Take nothing but the lines from the one with "Omegon Base ajustável" through the one with "Weekday Dámská modrá" in the entries below, both ends kept, and return them exactly with pictures left out.

"""

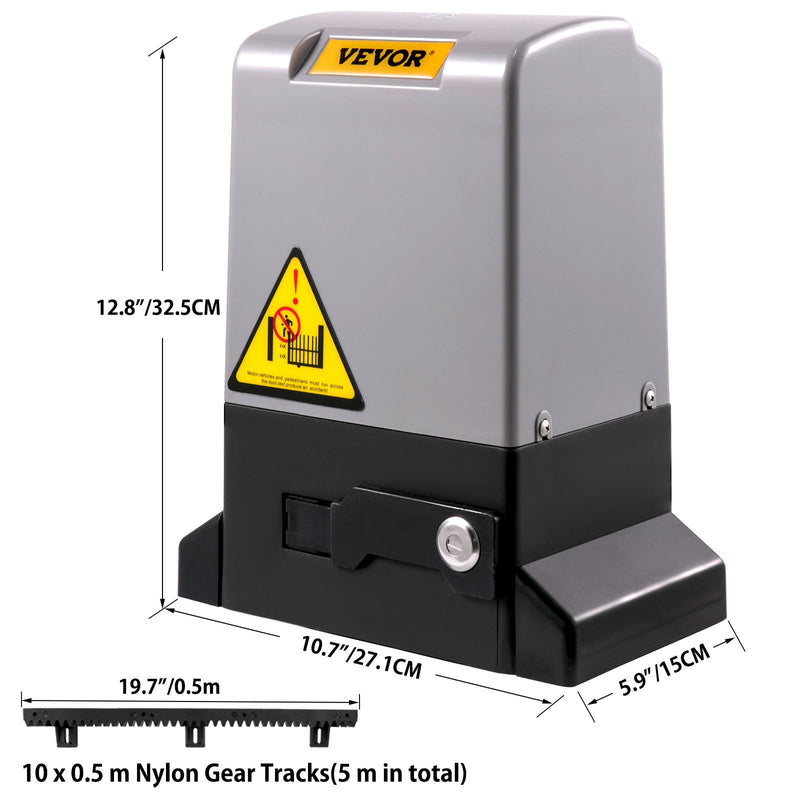 VEVOR automatic sliding gate opening system - up to 1800 kg, with 4 remote controls and app control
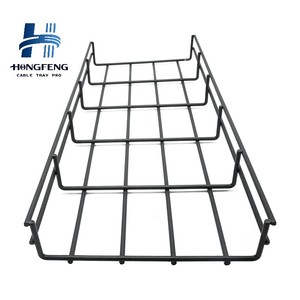 Bandeja de Cables de Malla de Alambre de Acero Electrogalvanizado de Alta Resistencia para Exteriores, Directo de Fábrica, con Capacidad para 80 Cables, Resistente a la Corrosión - Product Image 1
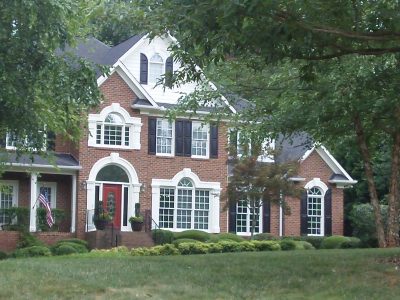 White trim exterior painting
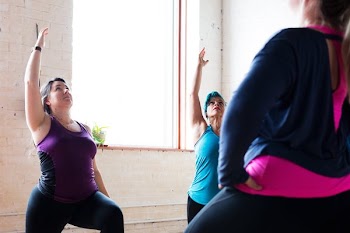 Women Yoga Reach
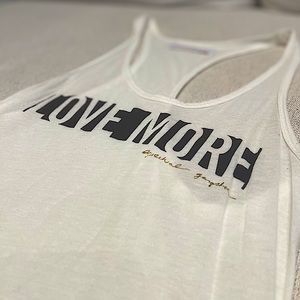 Cream / Ivory Spiritual Gangster Yoga Tank  XS - Lightweight - Sheer - Loose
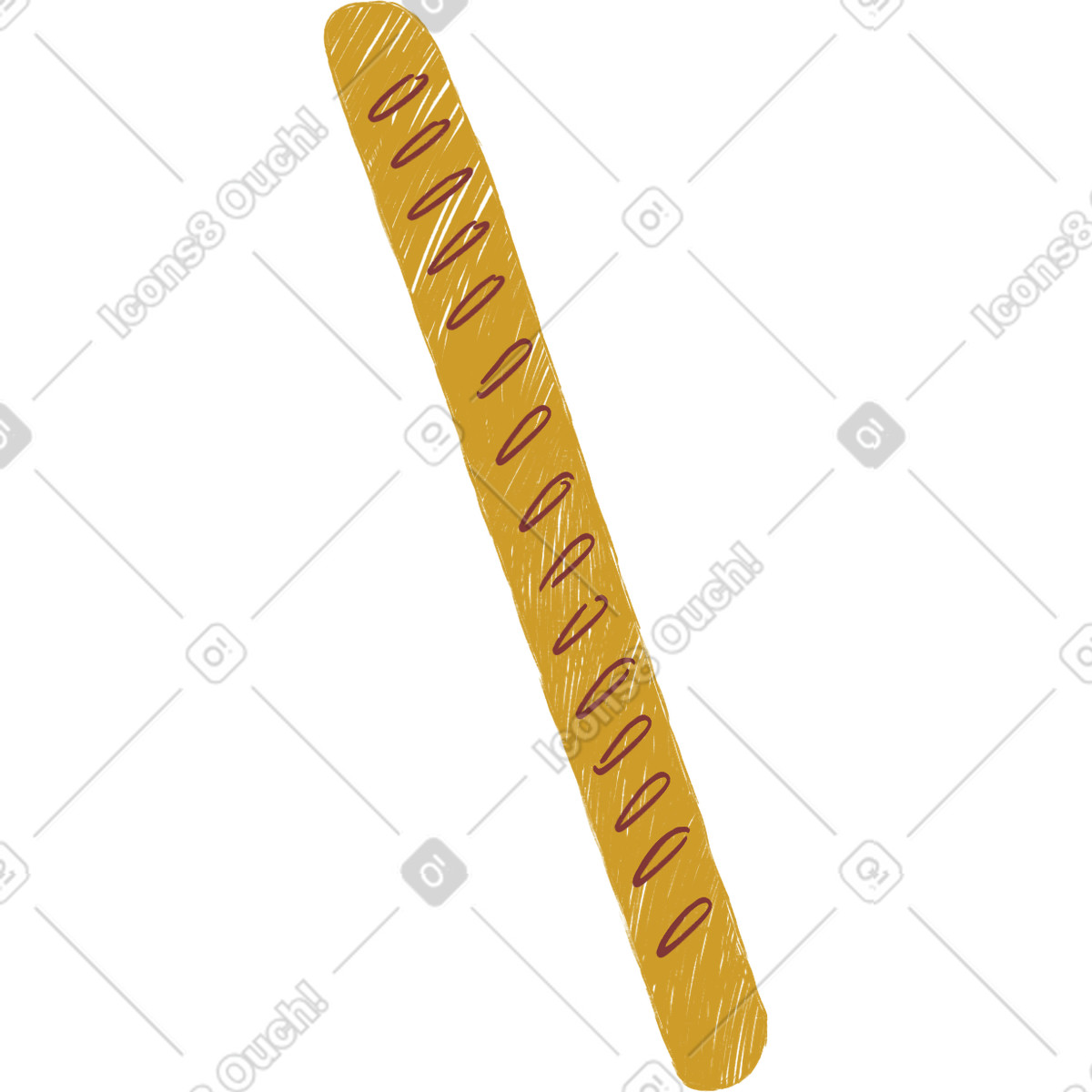 Pane illustrazione in stile Sleepy scarica in PNG, SVG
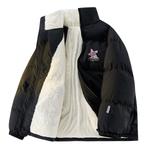 Стеганая куртка унисекс LEVEL, Черный/Розовый - фото 7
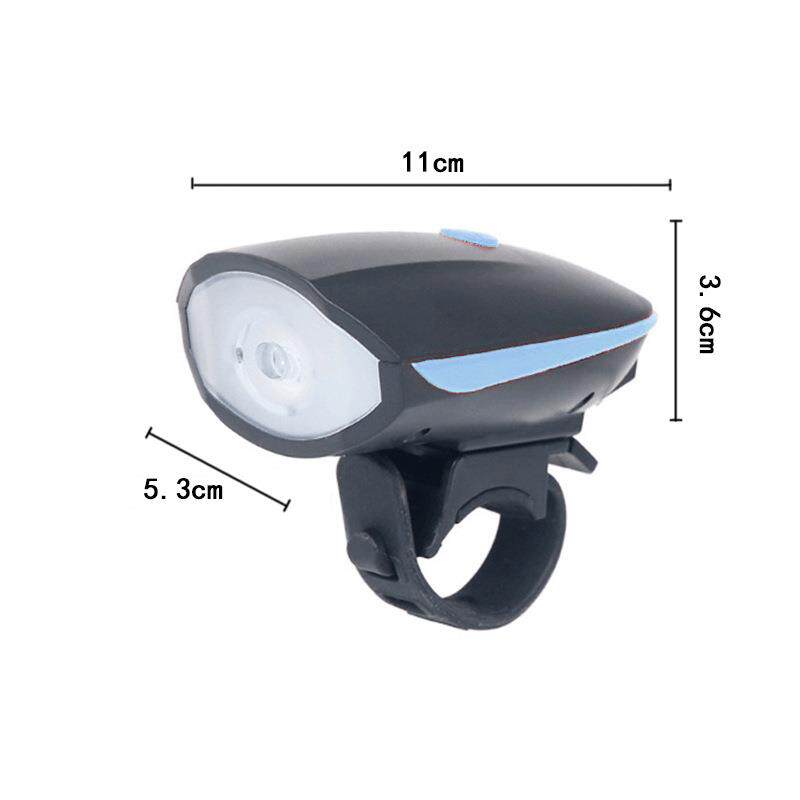 7588自行车喇叭前灯USB充电防水多功能山地车夜骑灯户外骑行装备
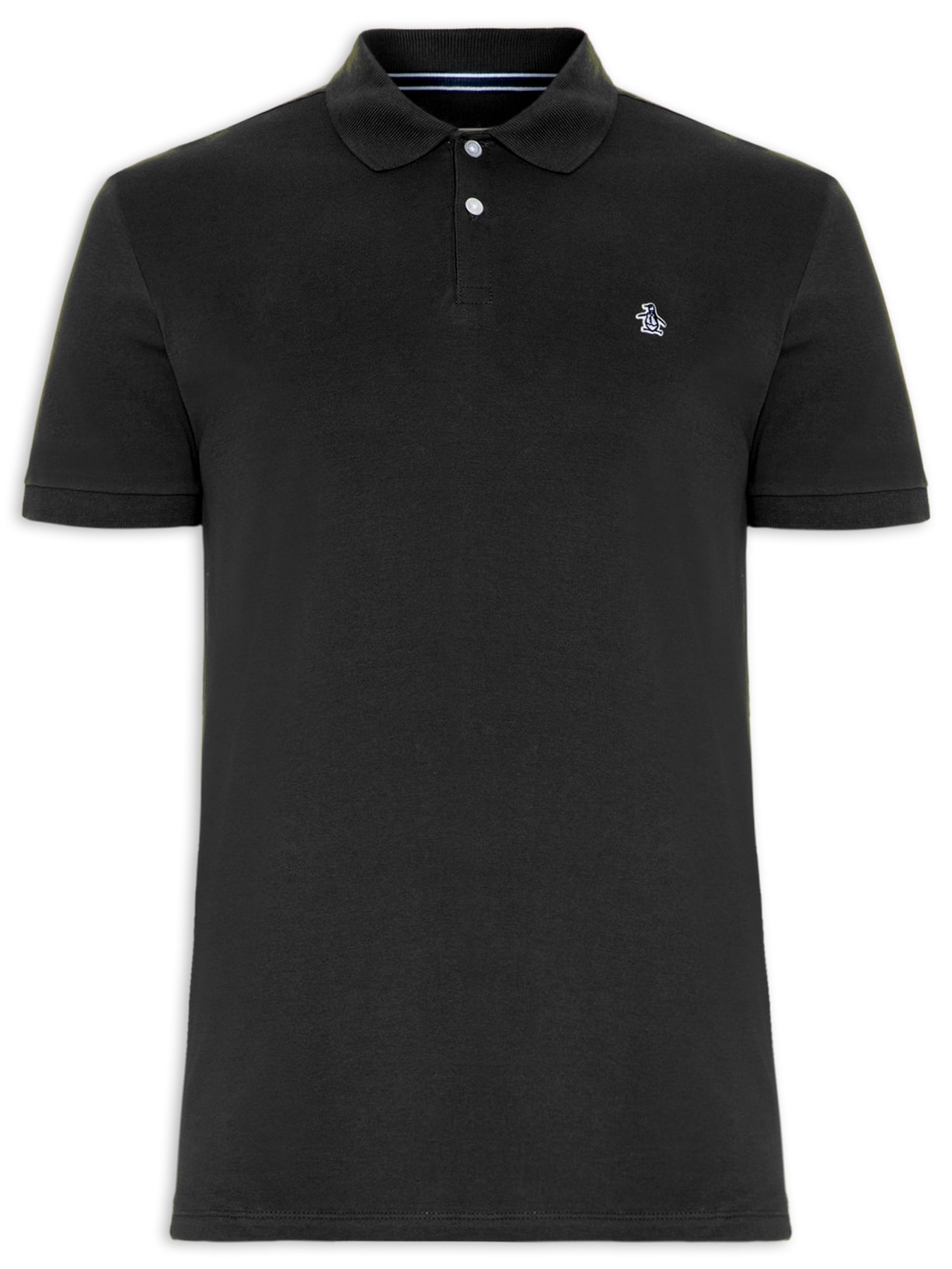 Polo Masculina Piquet Stretch - Preto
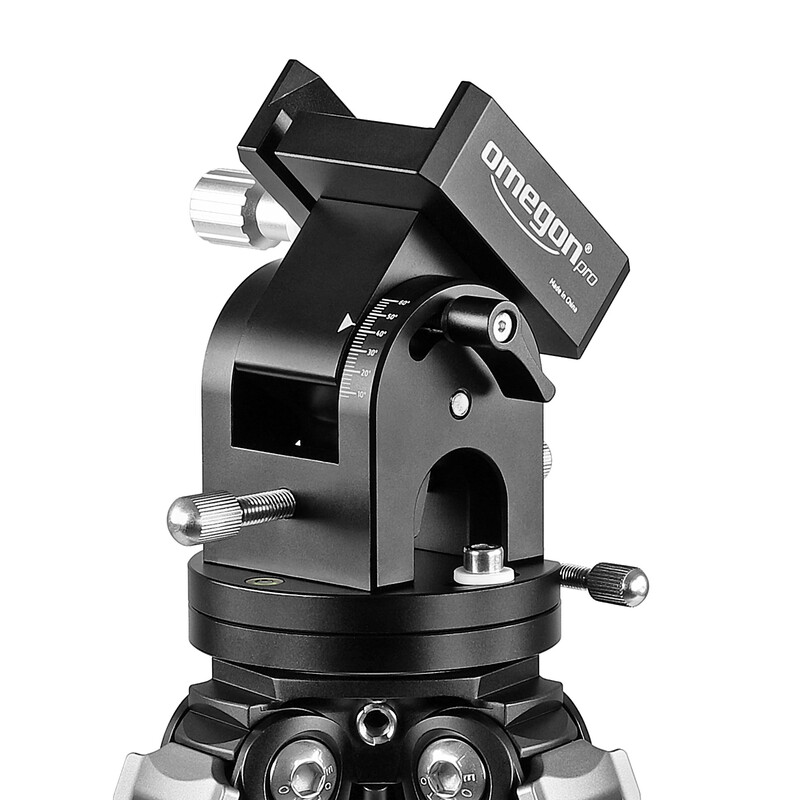 Omegon Base ajustável à altura do polo Deluxe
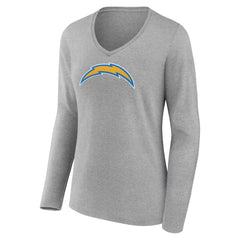 Los Angeles Chargers Women's Primary Team Logo Long Sleeve V-Neck T-Shirt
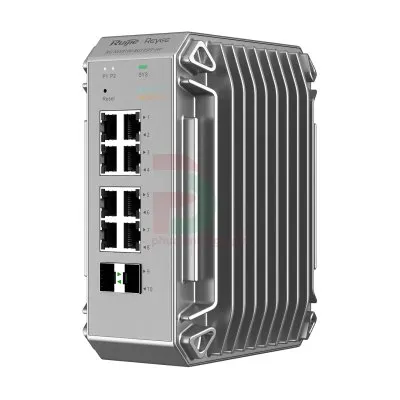 Layer 2 True Industrial-Grade Switch 8 Cổng 10/100/1000BASE-T Ruijie RG-NIS3100-8GT2SFP-HP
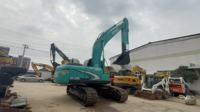 Excavatrice sur chenilles hydraulique d'occasion Kobelco SK200-10 d'origine japonaise avec moteur Yanmar, PLC et pompe, forte puissance de creusement, modèle 2016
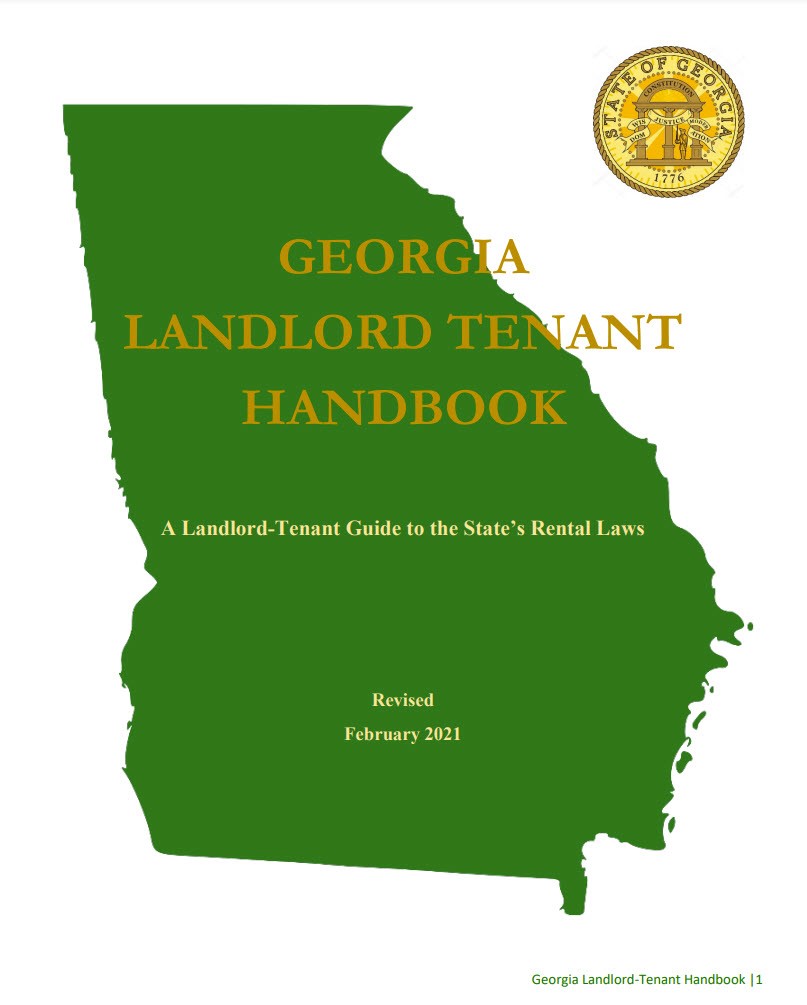 Georgia Landlord-Tenant Handbook cover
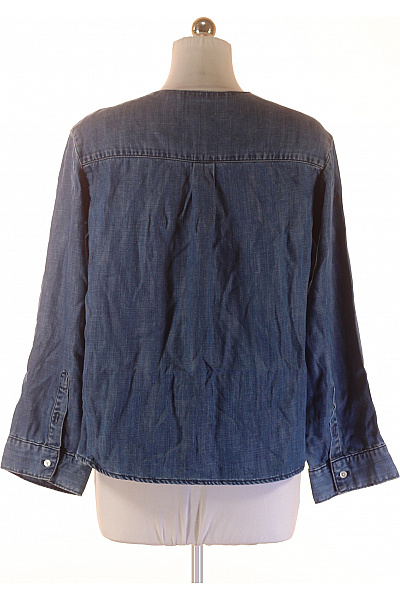 Weekday Dámská modrá riflová košile s dlouhým rukávem a límečkem V Vel. S | Weekday | obrázek 2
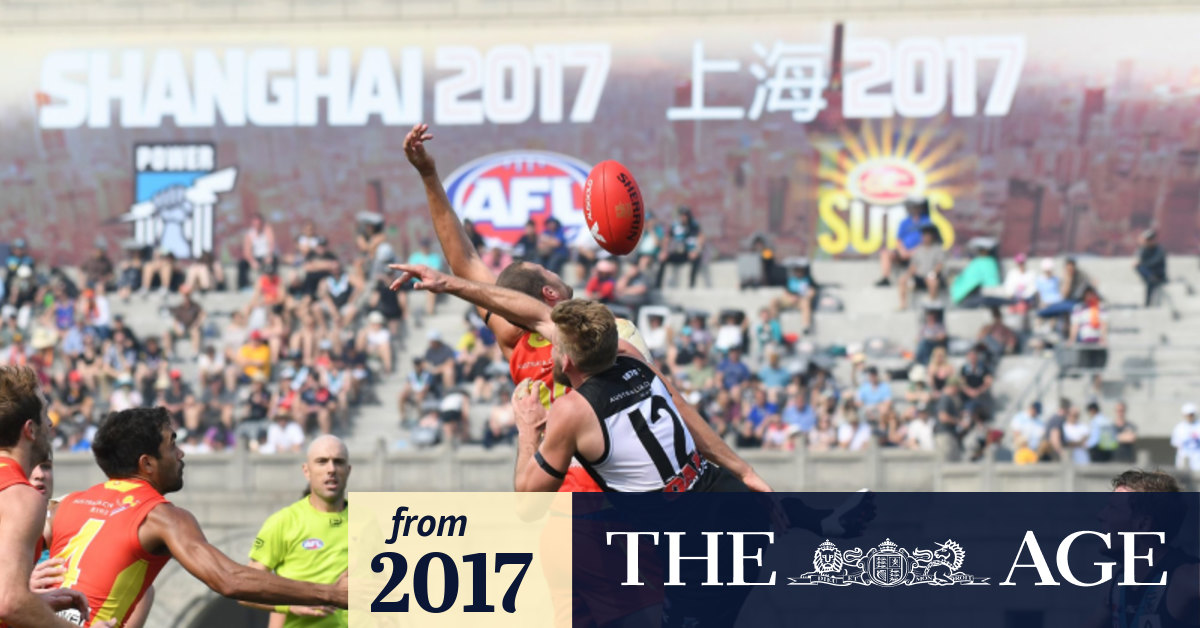 Gold Coast And Port Adelaide Return To China In 2018 For Afl Match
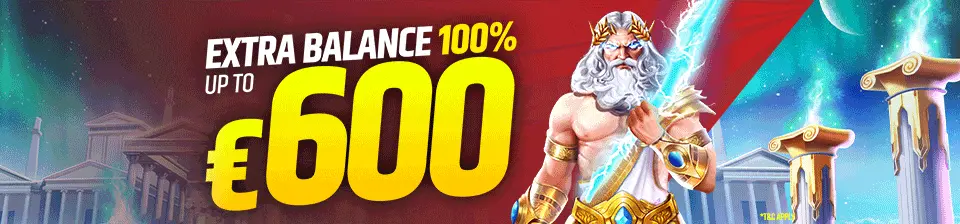 Daily Extra Balance: 100% up to €600 ⚡
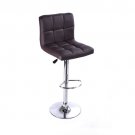 1PC Brown Bar Stool PU Leather Barstools Chair Adjustable Counter Swivel Pub New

"""

» **ANSWER SECTION**:
 Omegon Base ajustável à altura do polo Deluxe
 Los Angeles Chargers Women's Primary Team Logo Long Sleeve V-Neck T-Shirt
 Layer 2 True Industrial-Grade Switch 8 Cổng 10/100/1000BASE-T Ruijie RG-NIS3100-8GT2SFP-HP
 Excavatrice sur chenilles hydraulique d'occasion Kobelco SK200-10 d'origine japonaise avec moteur Yanmar, PLC et pompe, forte puissance de creusement, modèle 2016
 Georgia Landlord-Tenant Handbook cover
 Weekday Dámská modrá riflová košile s dlouhým rukávem a límečkem V Vel. S | Weekday | obrázek 2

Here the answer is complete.